During “A Kamala D. Harris Unity Seder,” she would ask four questions: “How’s school? Did you eat? When are you giving me grandchildren? And, what’s with that haircut?” In the spirit of the holiday, Rudolph’s Harris continued, she had reached across the aisle and invited several Republicans to the Seder — starting “at the bottom,” with Aidy Bryant’s Ted Cruz.
“I’ve never been to a Jewish dinner so I brought some Israeli flag cupcakes, and I got a ton of these leftover from CPAC. And I’ve got some pigs in a blanket,” Bryant’s Cruz said. He then went on to blame his daughters for another personal mishap — this time, scratching Emhoff’s Prius on the driveway — and claimed, “It wasn’t me. My only crime is loving too much, and sedition.”

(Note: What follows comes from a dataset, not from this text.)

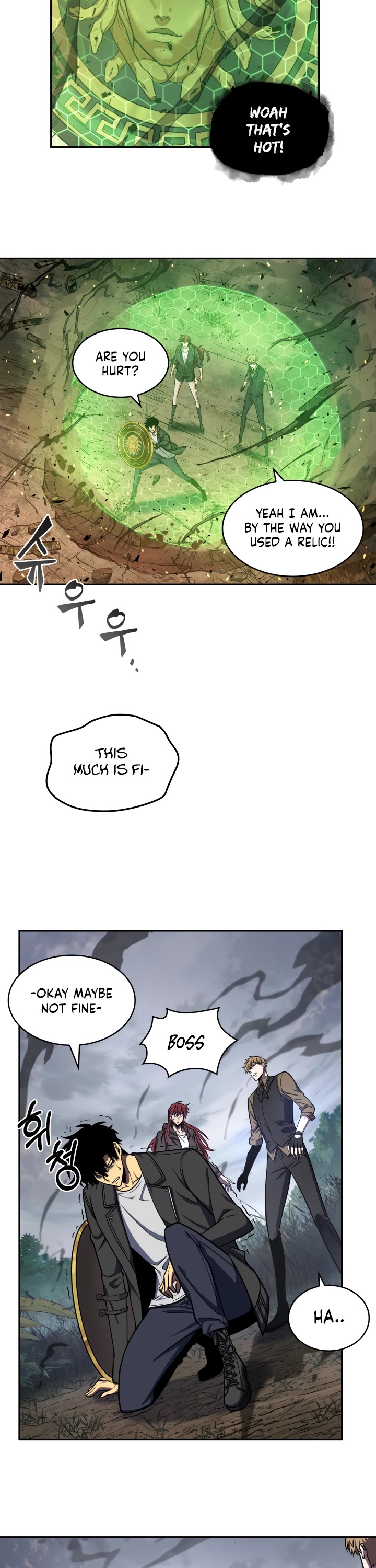 Tomb Raider King Chapter 233 page 9 - Chapter 233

Next up was Chloe Fineman’s Ella Emhoff — “You may think I look insane, but I assure you I’m the most normal-looking girl in Bushwick,” she said after entering to her own theme music — followed by Kenan Thompson’s Sen. Raphael G. Warnock (D-Ga.).
“You saw ‘Roots,’ right? That’s how it’s going in Georgia,” he said, adding of the new voting law dramatically curtailing voting access: “They’ll do everything they can to keep Black people from voting. We wouldn’t vote on anything if they had their way. Not even ‘American Idol.’”
Alex Moffat, who took over as President Biden when Jim Carrey left the role, showed up to reflect on his first news conference: “I wasn’t nearly prepared enough, but I think I proved them all wrong,” he said, looking down at a note card. “Kamala, I’m not sure if you heard, but I’m putting you in charge of solving a little immigration problem down at the border.”
“Thank you for the opportunity,” she responded. “Such a fun, solvable problem.”
Moffat’s Biden brought along his retrained dog, Major, who attacked Short’s Emhoff until being “spooked” by someone else. It turned out to be Cecily Strong’s Rep. Marjorie Taylor Greene (R-Ga.), who climbed through the window into what she called the “antifa headquarters.”
“Ever since Jan. 6, I’ve only been entering buildings insurrection style,” she explained.
When Rudolph’s Harris worried her Seder wasn’t actually bringing people together, Short’s Emhoff quoted “Dayenu”: “It would have been enough. And if you’re just Vice President —”
“Oh no,” she cut him off, “that won’t be enough.”
During her monologue, Rudolph noted how happy she was to “be here in the place that I love … especially after a year that has been, shall we say, a real kick in the clam.” She recalled working alongside Rachel Dratch, who later appeared as herself in a taped sketch titled “The Maya-ing: A Stanley Kubrick Film” about Rudolph’s SNL memories. Tina Fey also appeared as the ghost of an alum named Gloria Zelwig, “the first one to have the idea that maybe women could talk.”
One of the episode’s most memorable moments, however, didn’t involve Rudolph but cast member Bowen Yang. He appeared during “Weekend Update” to urge everyone to “do more” to combat anti-Asian racism, folding in a clever critique of performative activism by sharing pretend social media posts, like one encouraging people to tell their Asian American and Pacific Islander friends they’re hot.
On a more serious note, Yang added: “I can’t address any of this without bringing up class, or gender, or imperialism. I don’t even want to be doing this ‘Update’ piece. I wanted to do my character, gay Passover bunny, but it’s too smart for the show.”
“Look, I’m just a comedian, I don’t have the answers, but I’m not just looking for them online — I’m looking around me,” Yang continued. “The GoFundMe for Xiao Zhen Xie, the grandmother who fought back against her attacker, raised $900,000, which she immediately gave back to the community. That’s where we are as Asians. Now come meet us there.”